Monday, April 23, 2012

Who owns an idea?


Have you ever seen a key like this?

If so, you’ve probably been to a safety deposit box, which means you’ve probably been to a vault down in the depths of a bank at some point in your life.

Very old school. Especially in a time where people lock things up in clouds.

“Locking things up” has become a relative term in the digital age, when the single most important thing you own, like it or not, is you and your information.

But what about an idea? How do you protect that?

There’s patents, and trademarks, and lawyers. There’s Judge Judy.

But there’s really nothing to stop someone from stealing and using or repurposing your idea. Lastest case: Teller of Penn and Teller, who’s suing a Dutch magician for copying one of his most famous tricks. And selling a “how-to” video so amateurs can do it themselves.

Shame on him.

Or not?

This is the age of sharing. The era of total transparency.

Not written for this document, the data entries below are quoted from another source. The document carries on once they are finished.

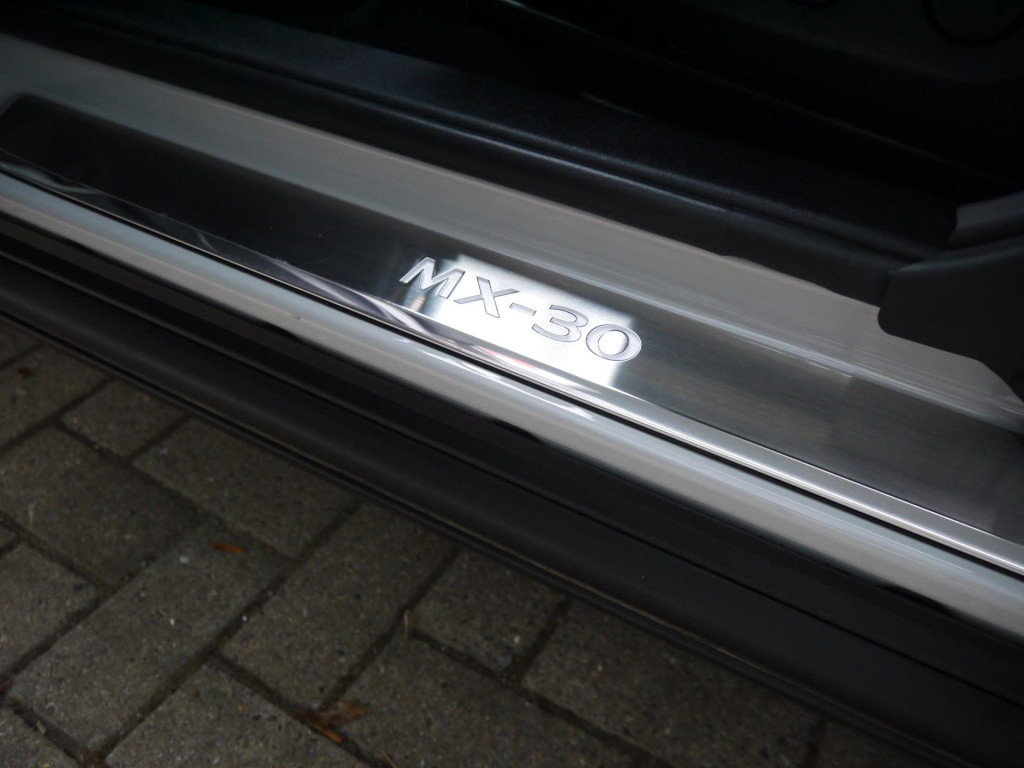 Mazda Mx-30 e-skyactiv 145 pk first edition|rijklaar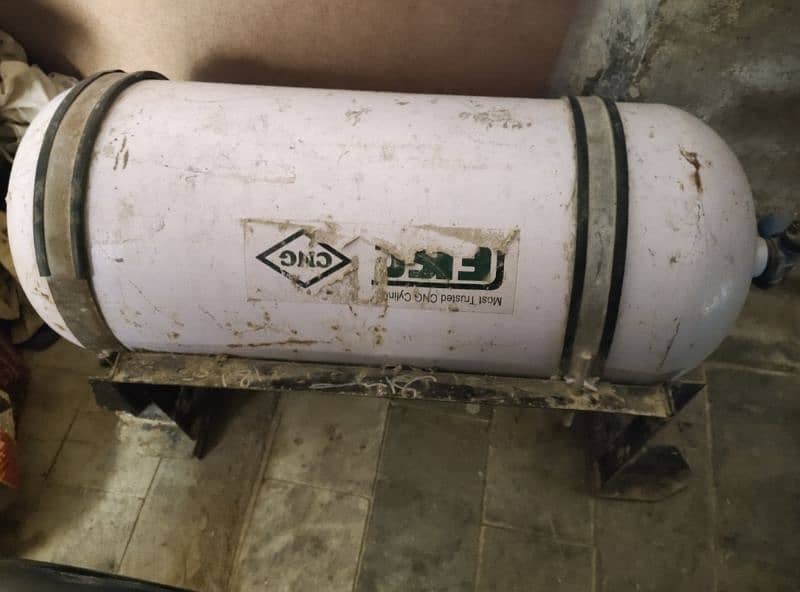 Suzki Mehran Company CNG Cylinder & Kit 0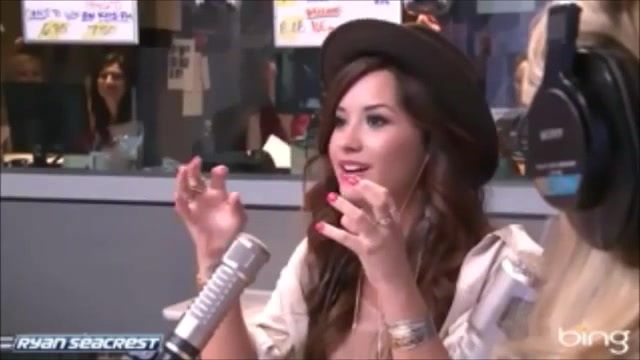 Demi Lovato\'s Interview with Ryan Seacrest -Skyscraper premier [Full] 0504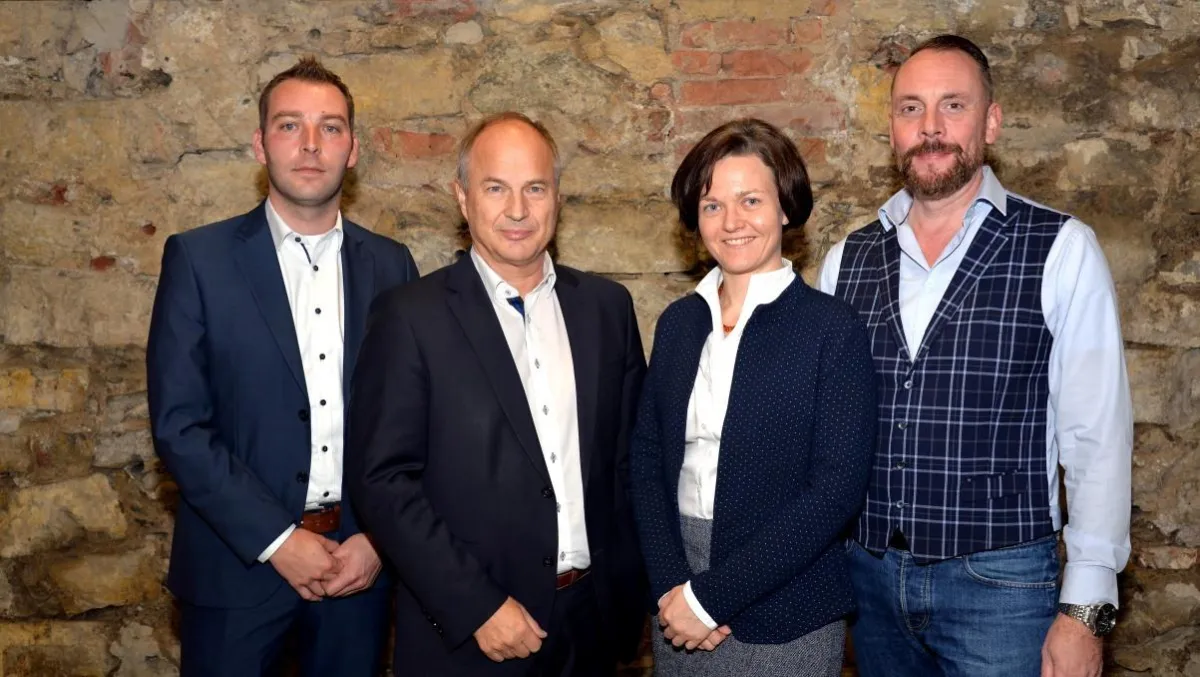 Rechtsanwältin Nina Ollinger mit Speaker Georg Wawschinek und Anker-GF Walter Karger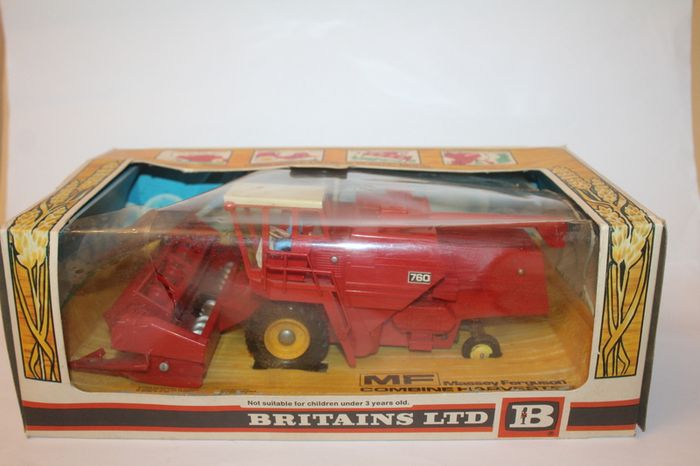 Britains - Farm - Massey Ferguson Combine Harvester 760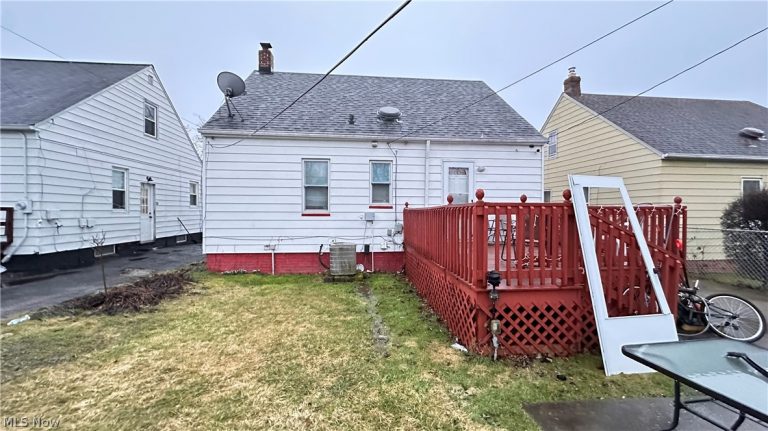 19513 Beverly Avenue, Maple Heights, OH - Photo 8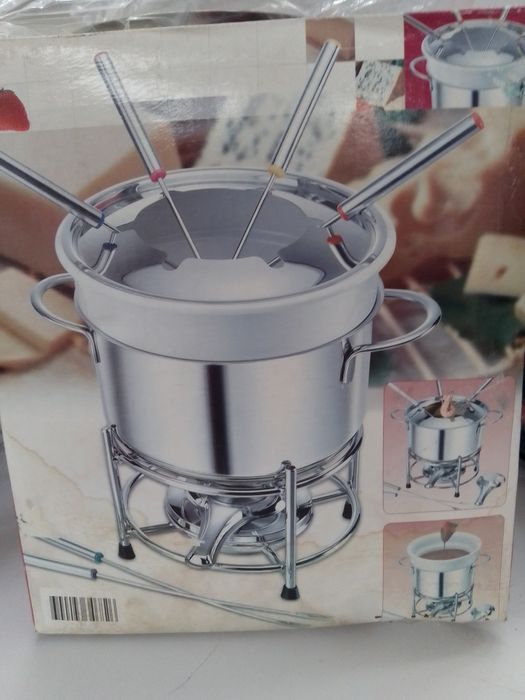Tacho de foudeu em inox e cerâmico e tem seis garfinhos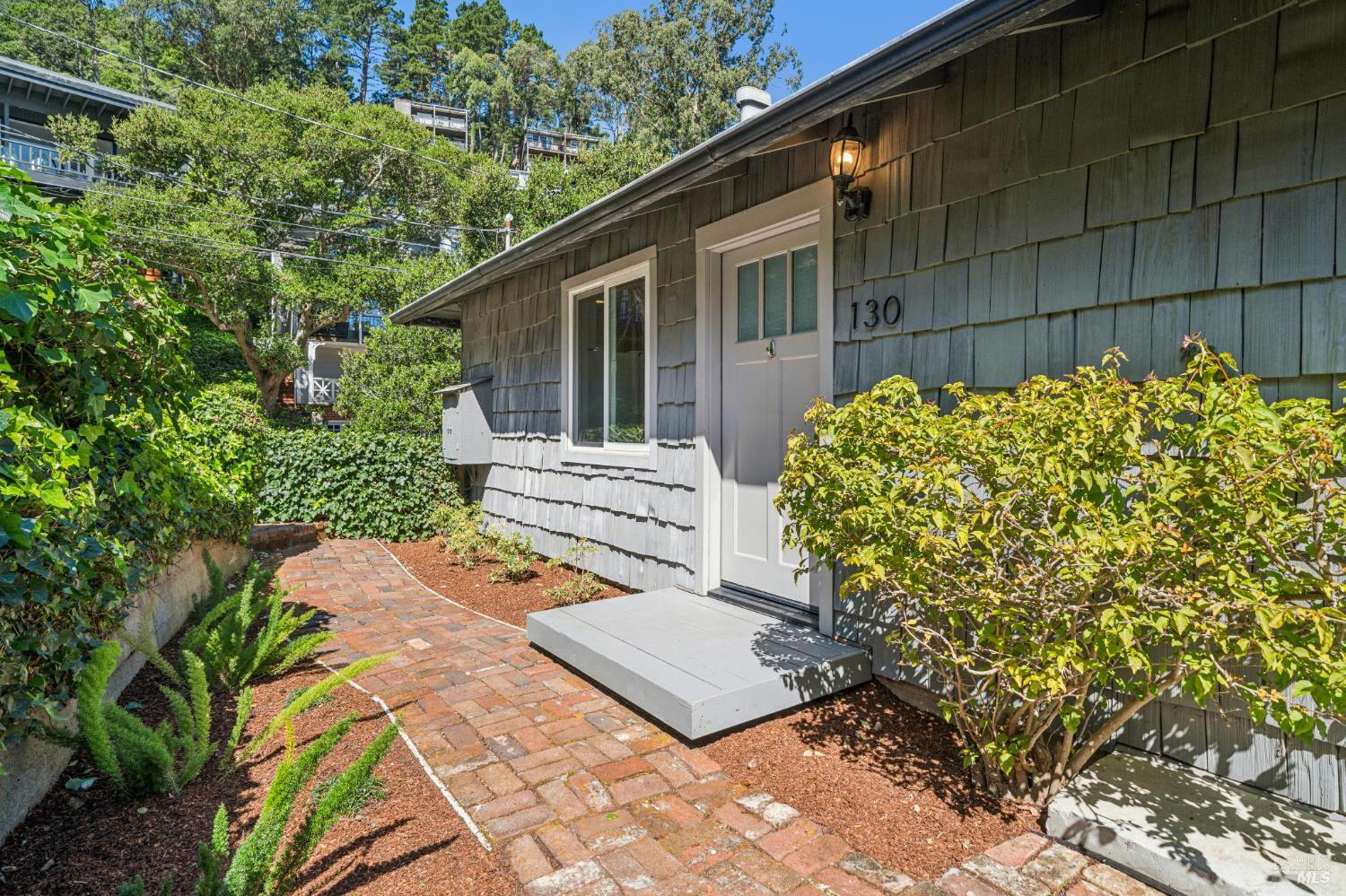 126-134 Edwards Avenue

Like it or not, what’s yours will very soon be others. Often, for free. Just ask the large recording labels. 

The best thing to do is create your idea and put it out there as much as possible. Blast it through all your social media networks, tell people about it on Facebook, put a TM on it too, but make sure you get credit in as big and wide a forum as possible.

Or maybe hire Teller to figure out a trick where he creates a safety deposit box for your ideas so nobody can steal them.